Extended Data Fig. 1. Feeding DEN-injected mice a high-fat and fructose (Western Diet (WD)) promotes MASH-driven HCC, which mimics human disease pathology.

a, Study design; DEN-injected animals fed Control Chow (Control-DEN) or Western Diet (WD-DEN). b, Liver mass, c, Liver mass/BW, and d, plasma AFP levels; mean ± SEM, WD-DEN (n = 10) vs Control-DEN (n = 8); unpaired two-tailed t-test: P = 3.86 × 10⁻⁶ (b), P = 1.41 × 10⁻⁵ (c). e, Representative H and E-stained liver sections. f, histological scores for steatosis, ballooning degeneration, inflammation, and NAS; mean ± SEM, WD-DEN (n = 10) vs Control-DEN (n = 8); unpaired Mann-Whitney two-tailed test: P = 2.29 × 10⁻⁵. g, Dorsal and ventral liver images. h, Tumor counts; mean ± SEM, WD-DEN (n = 10) vs Control-DEN (n = 8) mice; unpaired two-tailed t-test: P = 9.47 × 10⁻⁸. i, Tumor count distribution and j, tumor surface area; mean ± SEM, WD-DEN (n = 10) vs Control-DEN (n = 8); unpaired two-tailed t-test: P = 2.18 × 10⁻⁵. k, Distribution of tumor surface area per group. l, Histological feature of lesions (blue star: hepatic parenchyma, red star: Non-neoplastic proliferative lesion (FAH), orange arrow: slightly atypical hepatocyte (enlarged nuclei, higher N/C ratio, basophilic cytoplasm), black arrow: mitosis, blue arrows: atypical hepatocytes with enlarged and occasional binucleated nuclei, irregular nuclear membrane, prominent nucleoli and cytoplasmic alterations, red arrow: balloon cells with Mallory Denk bodies, yellow arrow: inflammatory infiltration). m, Number of neoplastic lesions in Control-DEN (n = 8) and WD-DEN (n = 10); mean ± SEM; unpaired two-tailed t-test. n, Representative H and E-stained liver images showing similar macro/microvesicular steatosis in hepatocytes and HCC cells and ballooning (arrowhead) in livers from WD-DEN mice and MASH HCC samples from humans. Scale bar = 100 µm. o, Average pairwise correlation on a per-model basis for mouse samples (column) and per-tissue or tissue molecular subtype basis for human samples (row). p, Proportion of mouse and human tumor tissue classification based on Hoshida molecular subtypes. q, Pairwise Pearson correlation between mouse models (columns) for cell types of interest (rows), using normalized gene expressions for all 1-to-1 orthologous genes between the mouse models (WD-DEN, WD-CCl₄) and humans with MASH-HCC. r, Individual sample pairwise mouse to human correlation matrix. s-t, Mean Acly mRNA expression by cell types in livers from WD-DEN mice (s) and human MASH-HCC (t). Source data

Extended Data Fig. 2. Genetic deletion of ACLY does not affect hepatic ballooning, liver steatosis, lobular inflammation, and NAFLD activity score (NAS) but reduces tumor burden.

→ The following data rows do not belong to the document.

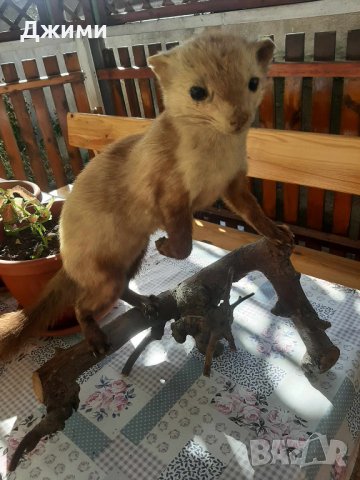 перфектно препарирана белка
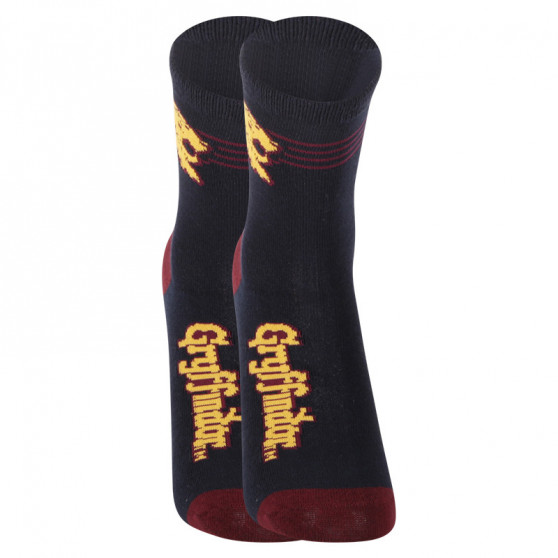 2PACK Παιδικές κάλτσες E plus M Harry Potter πολύχρωμες (GRYFFINDOR-A)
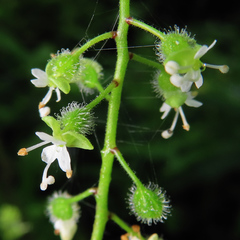 Circaea mollis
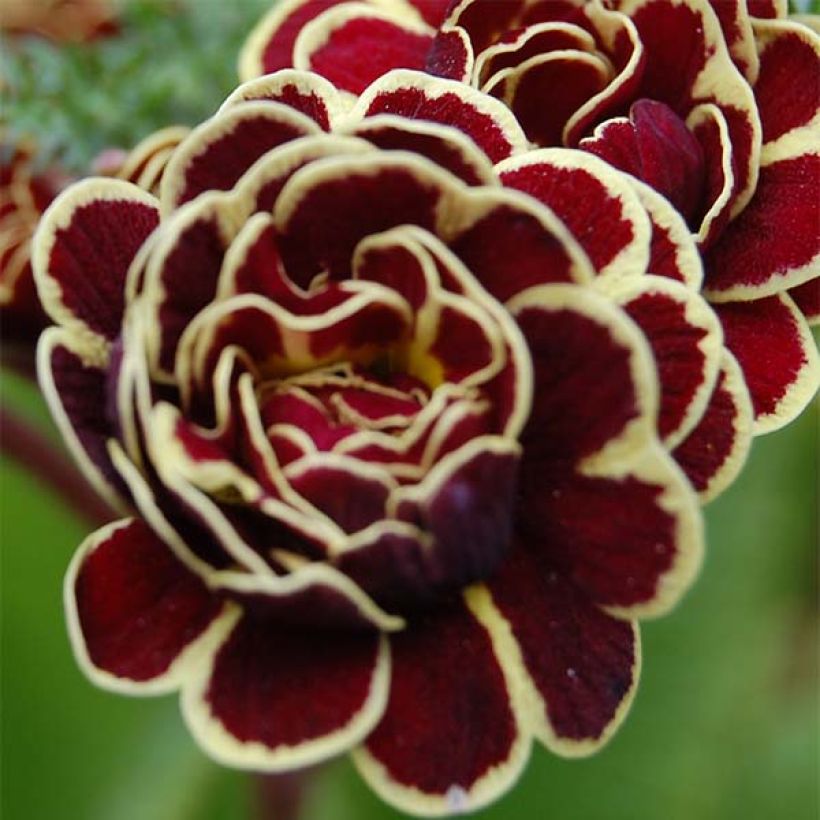 Primula Elizabeth Killelay - Kissenprimel (Flowering)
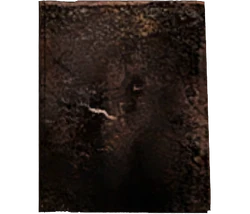 Burned Book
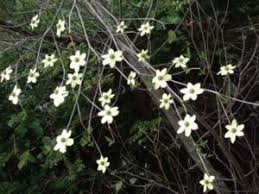 Check spelling or type a new query. Flowering Trees Across Canada Tree Canada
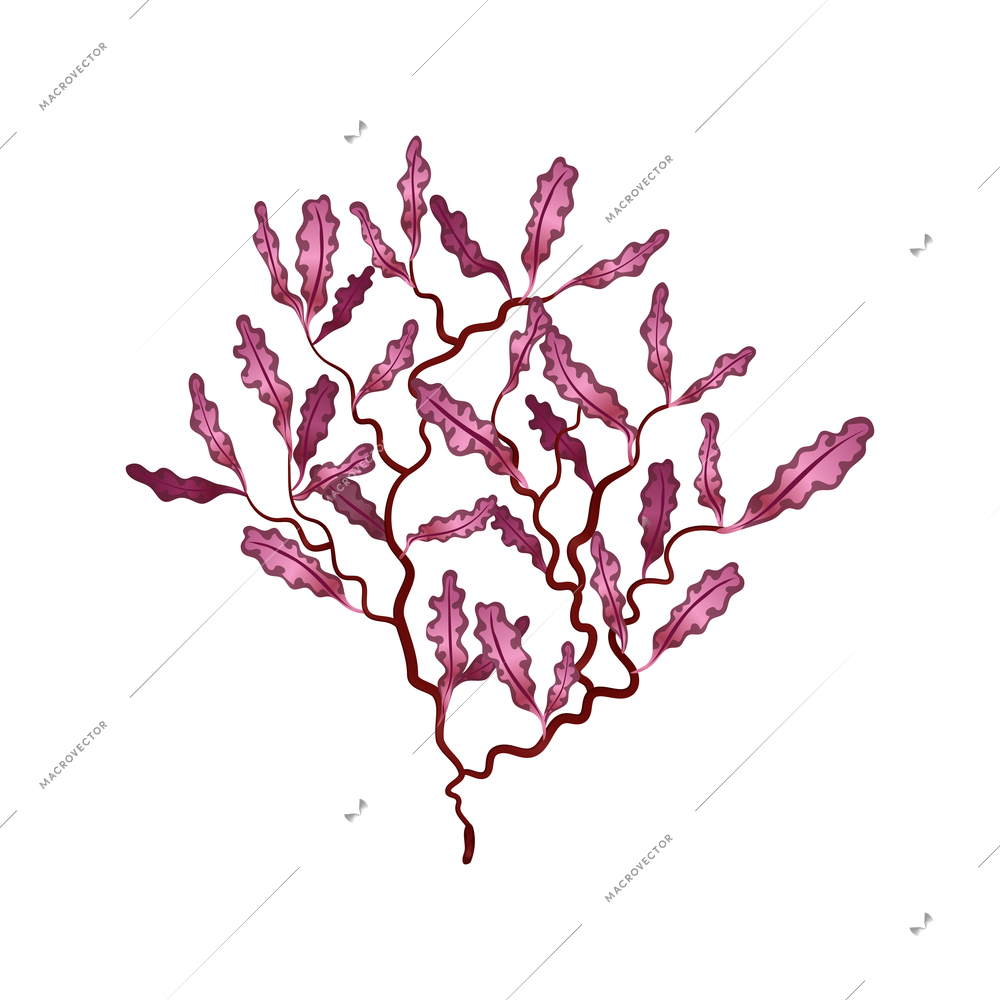 Flat red phyllophora seaweed on white background vector illustration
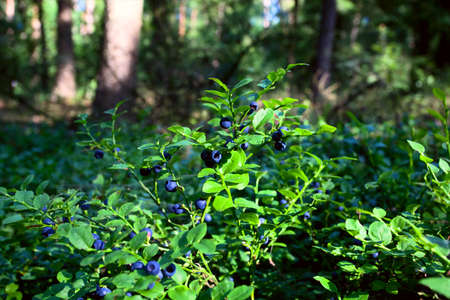 blueberry shrubs with blue fruits in the forestの写真素材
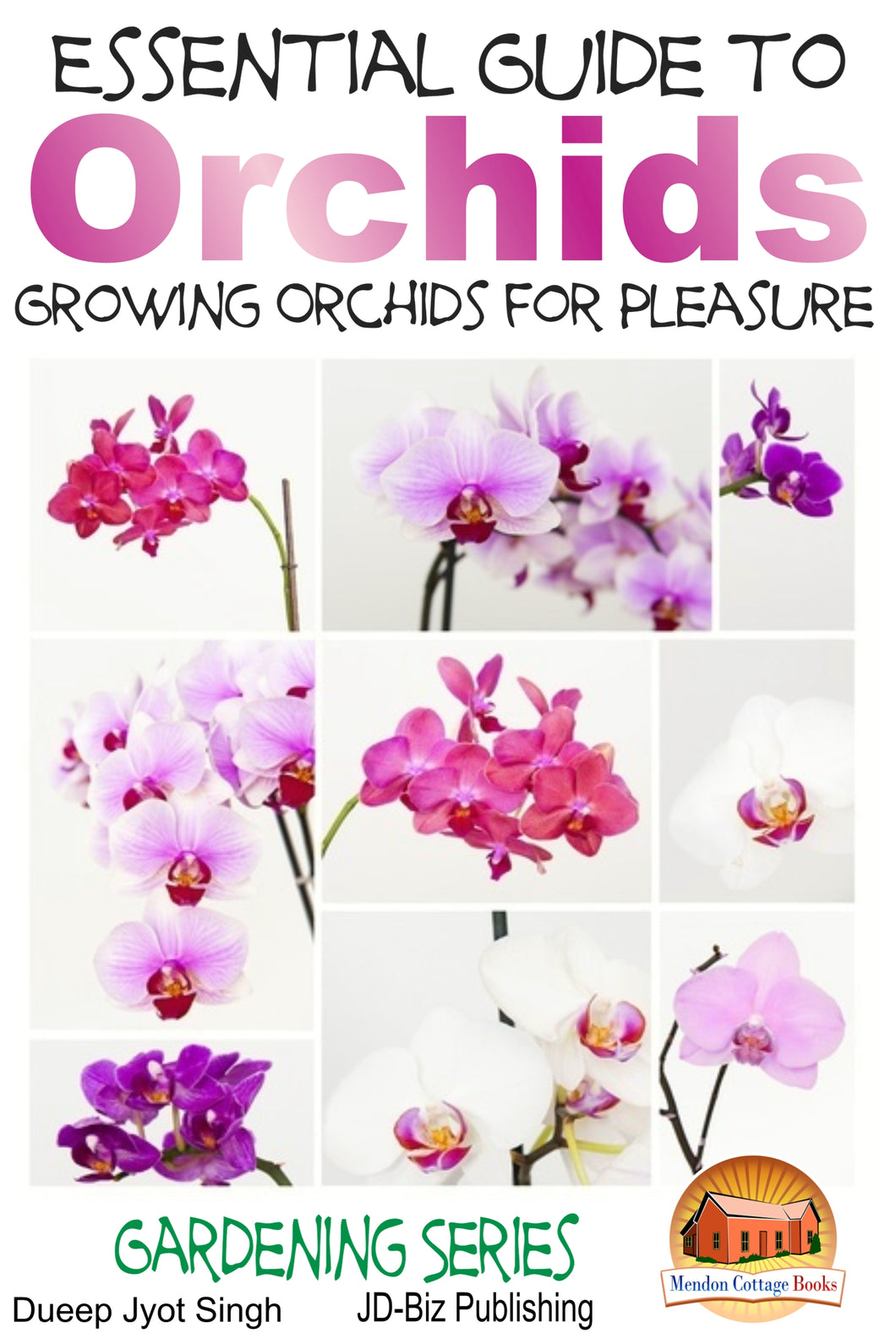Essential Guide to Orchids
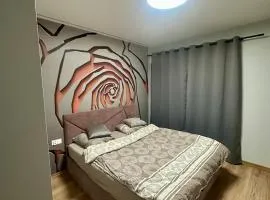 Apartament Kopernika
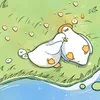 lilly_field_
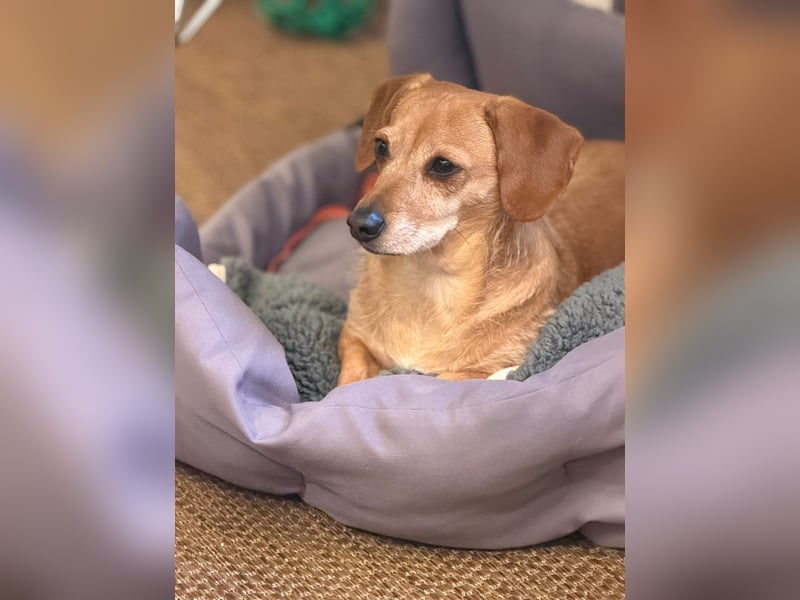 Kleine, verschmuste Dackel Mix Dame Kira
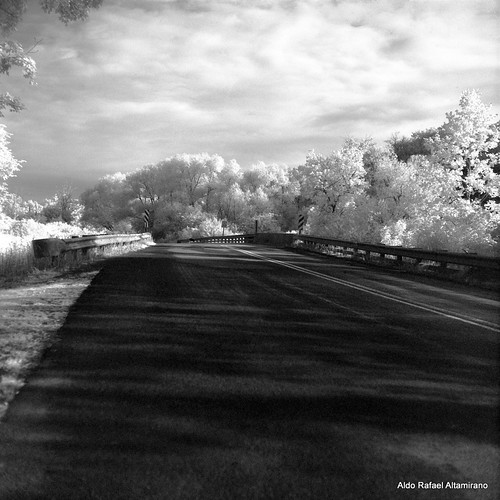 Elevation of Forest City, PA, USA Topographic Map Altitude Map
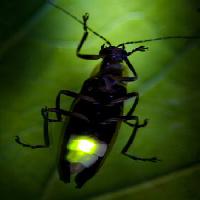 bug, animal, wild, wildlife, small, leaf, green Fireflyphoto - Dreamstime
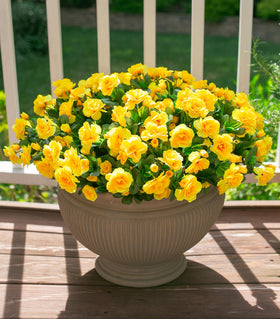 Ivydale outdoor camellia bundles arranged on a porch for instant curb appeal.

a, Baseline serum AFP levels prior to AAV injection in WD-DEN treated mice. Data are presented as mean ± SEM. WT (n = 8) and Acly KO (n = 8) mice and statistical comparison was analyzed by two-tailed unpaired t-test. b, Representative diagram of genetic deletion of ACLY using hepatocyte-specific AAV. The diagram was created using BioRender (https://biorender.com). c, Pathological scoring of livers for steatosis, ballooning, inflammation, and NAFLD activity in WT (n = 8) and Acly KO (n = 8) mice. Data are presented as mean ± SEM. Statistical comparison for histological scores was analyzed by an unpaired Mann-Whitney two-tailed test. d, Fatty acid levels in tumor adjacent liver sections from WT and Acly KO mice (FA, Fatty acid; C:D, the total number of carbon atoms to the number of carbon-carbon double bonds). Data are presented as mean ± SEM, Acly KO (n = 10) vs WT (n = 11) mice by unpaired two-tailed t-test. Significant differences observed for FA(18:0): P = 3.7 × 10⁻⁵, FA(20:1): P = 5.09 × 10⁻⁵, FA(20:2): P = 8.35 × 10⁻⁵, FA(22:1): P = 9.46 × 10⁻⁷, FA(22:5): P = 4.39 × 10⁻⁷ and FA(22:6): P = 1.08 × 10⁻⁷. e, Percentage of total liver area covered by tumors. Data are presented as mean ± SEM. WT (n = 5) and Acly KO (n = 5) mice analyzed by unpaired two-tailed t-test. f, Non-neoplastic proliferative lesions in livers from WT (n = 11) and Acly KO (n = 11) mice. Data are presented as mean ± SEM. P-values by unpaired two-tailed t-test. g, Average lipid droplet size in liver tumors from WT and Acly KO mice. Data are presented as mean ± SEM, n = 5/group. Statistical significance within each genotype condition was analyzed by an unpaired two-tailed t-test. Source data

Extended Data Fig. 3. HEK-293 cells expressing SLC27A2 generated the CoA thioester.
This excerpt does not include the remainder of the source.